Secretary of State Gessler and Rep. Holbert introduce another citizenship verification bill

Following the defeat of legislation in the senate requiring proof of citizenship before registering to vote, Secretary of State Scott Gessler and State Representative Chris Holbert (R-Parker) unveiled legislation Tuesday, aimed at verifying citizenship for voters who may be non-citizens.

“Currently, the state verifies everything on the voter registration form, except citizenship,” Holbert said. “This is a common sense solution that allows the state to compare our list with other state and federal databases like we already do with the departments of Revenue, Corrections or Public Health and Environment.”

Gessler’s office released a study using data from the Department of Revenue and the state’s voter registration system that resulted in thousands of potential matches of non-citizens on the state’s voter rolls. Since 2006, Colorado residents seeking a state driver’s license or identification card must show proof of lawful presence in the United States. Though most residents show proof of citizenship, some non-citizens show other documents allowing them to live and work in the country legally. Gessler compared those residents that showed a work visa or similar document against the state’s voter rolls to identify potential non-citizens registered using a state-issued identification card.
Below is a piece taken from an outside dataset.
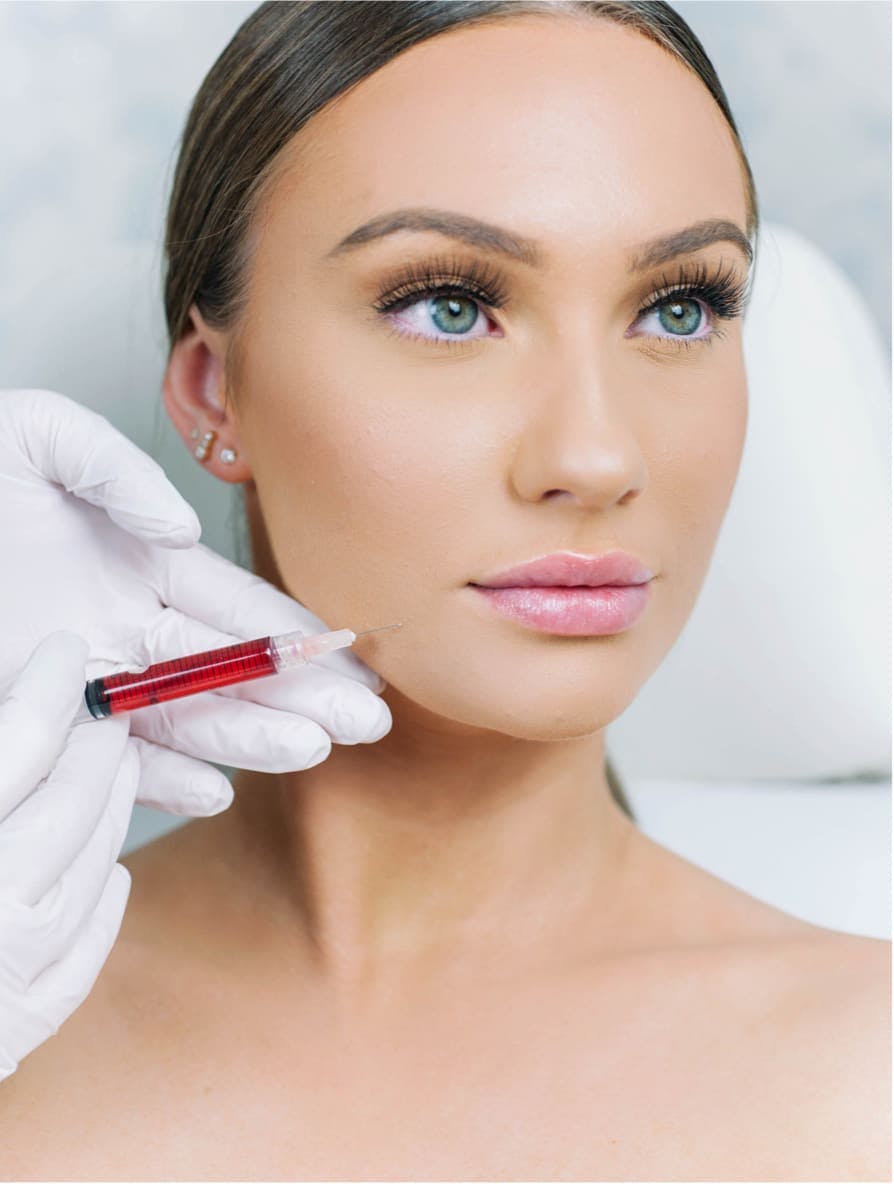 woman getting an injection in lips
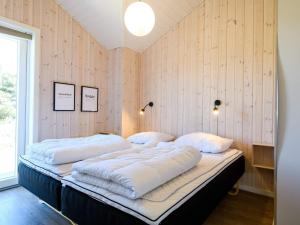 twee bedden in een kamer met houten wanden bij Holiday home Fanø CXXXIV in Fanø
“Fact is, my office has every reason to believe that thousands of non-citizens are registered to vote in Colorado,” Gessler said. “Though the opponents of this bill want us to look the other way or bury our heads in the sand, House Bill 1252 will allow us to inquire for more information using public databases.”

The legislation would permit the Secretary of State’s office to compare the voter rolls with databases like jury recusal lists or other federal databases showing lawful presence versus citizenship. Evidence suggesting a lack of citizenship would prompt the Secretary of State’s office to send notice to these voters requesting proof of citizenship. If no proof was presented after 90 days, these voters would remain on the rolls with an incomplete status.

“Instead of handing this information over to law enforcement, I believe this is a better approach to keeping the integrity of our rolls,” Gessler said. “For voters who erroneously registered to vote, Colorado should send a letter in the mail rather than law enforcement to their doorstep.”

HB-1252 will get its first hearing Wednesday afternoon in the House State, Veterans and Military Affairs Committee.